[Saved data entries]
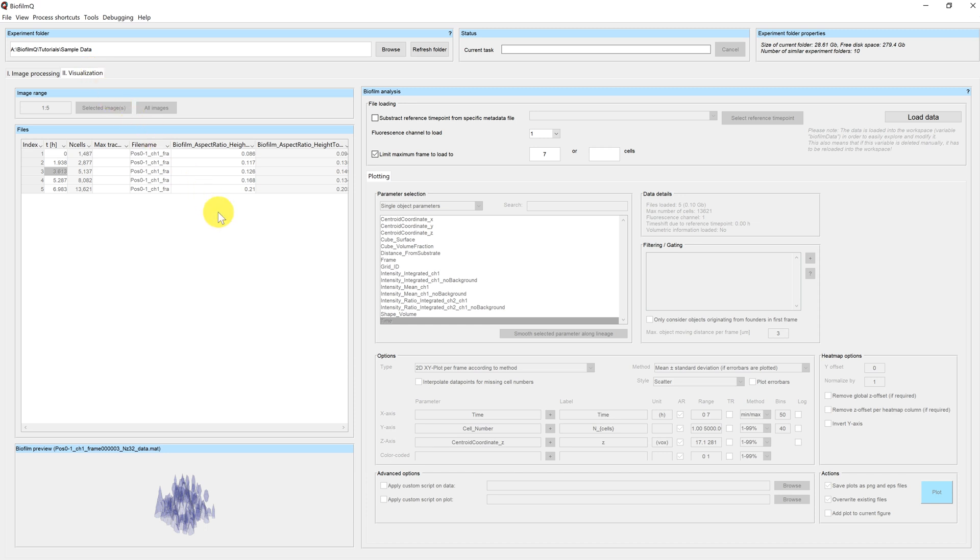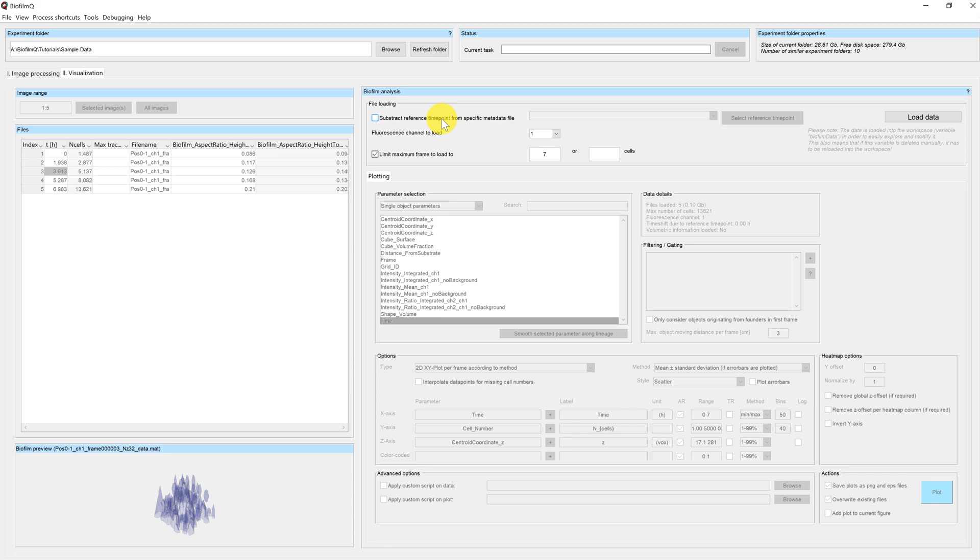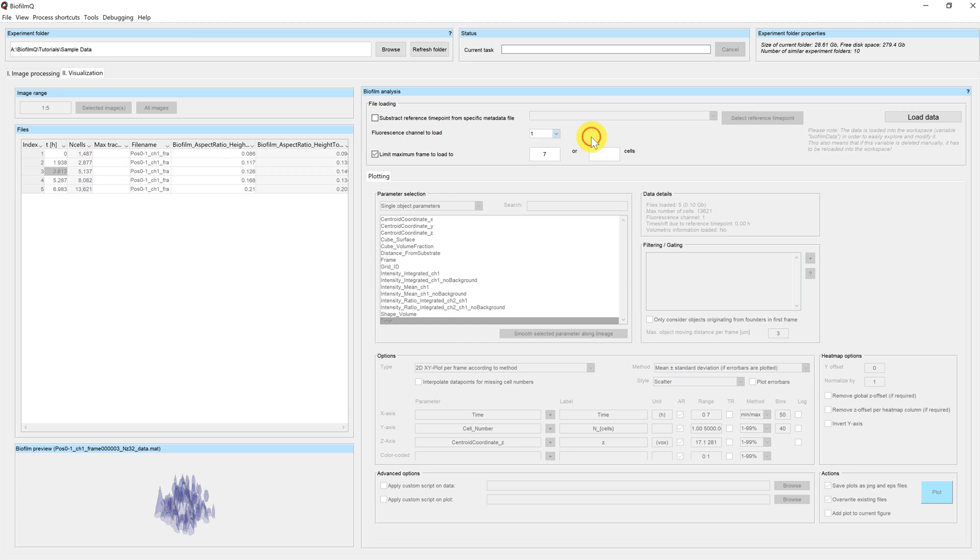Before you can start working in this tab, you first have to load your data. You can see that I have different options for loading the data. I can subtract a reference time point in case that I have split my experiment into different folders, but I want to have the time point referring to a previous or different folder. I can choose my fluorescence channel to load. In this case we load channel one, because channel one is the channel that we have segmented.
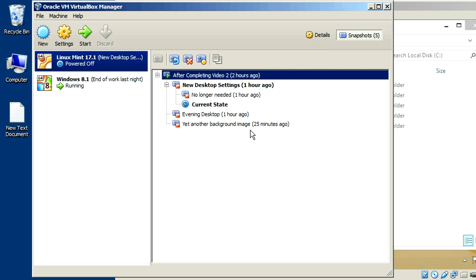Well, that's it for this video on snapshots and VirtualBox. I hope you found that useful and informative. If you did, give me a thumbs up — I'd appreciate that. Make sure you don't miss the next part in this series. In part 4, I'm going to show you how to share folders from the host operating system to the virtual machines — that's something I use all the time. It's a really handy feature and a little bit tricky with Linux, but I'll show you the ins and outs of that. If you haven't already, subscribe to my channel so you'll know when that comes out.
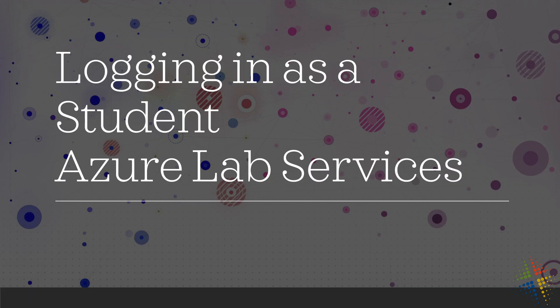In this video, we're going to talk about how a student would log in to Azure Lab Services and how they would access it.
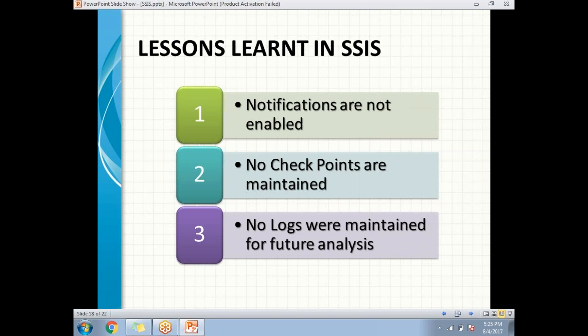Because of data sensitivity, checkpoints are really needed in that scenario. You need to enable checkpoints at the package level; otherwise, data duplication is going to occur in the system. This purely depends on the data sensitivity side.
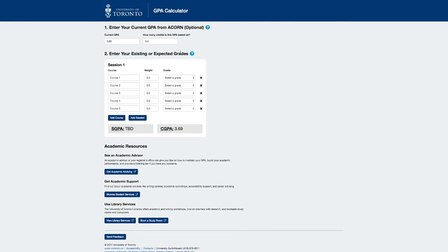Entering your existing or expected grades. This section allows you to enter your prospective grades for courses taken in a session. Here, you can type in a course name, which can be the course code or any other name to identify the courses entered. Here, you can enter a credit weight for a course. A valid weight ranges from 0 to 4 and defaults to 0.5.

DIRECTIONS: Without including any picture, print every record exactly as written above.

TASK SOLUTION:
Before you can start working in this tab, you first have to load your data. You can see that I have different options for loading the data. I can subtract a reference time point in case that I have split my experiment into different folders, but I want to have the time point referring to a previous or different folder. I can choose my fluorescence channel to load. In this case we load channel one, because channel one is the channel that we have segmented.
Well, that's it for this video on snapshots and VirtualBox. I hope you found that useful and informative. If you did, give me a thumbs up — I'd appreciate that. Make sure you don't miss the next part in this series. In part 4, I'm going to show you how to share folders from the host operating system to the virtual machines — that's something I use all the time. It's a really handy feature and a little bit tricky with Linux, but I'll show you the ins and outs of that. If you haven't already, subscribe to my channel so you'll know when that comes out.
In this video, we're going to talk about how a student would log in to Azure Lab Services and how they would access it.
Because of data sensitivity, checkpoints are really needed in that scenario. You need to enable checkpoints at the package level; otherwise, data duplication is going to occur in the system. This purely depends on the data sensitivity side.
Entering your existing or expected grades. This section allows you to enter your prospective grades for courses taken in a session. Here, you can type in a course name, which can be the course code or any other name to identify the courses entered. Here, you can enter a credit weight for a course. A valid weight ranges from 0 to 4 and defaults to 0.5.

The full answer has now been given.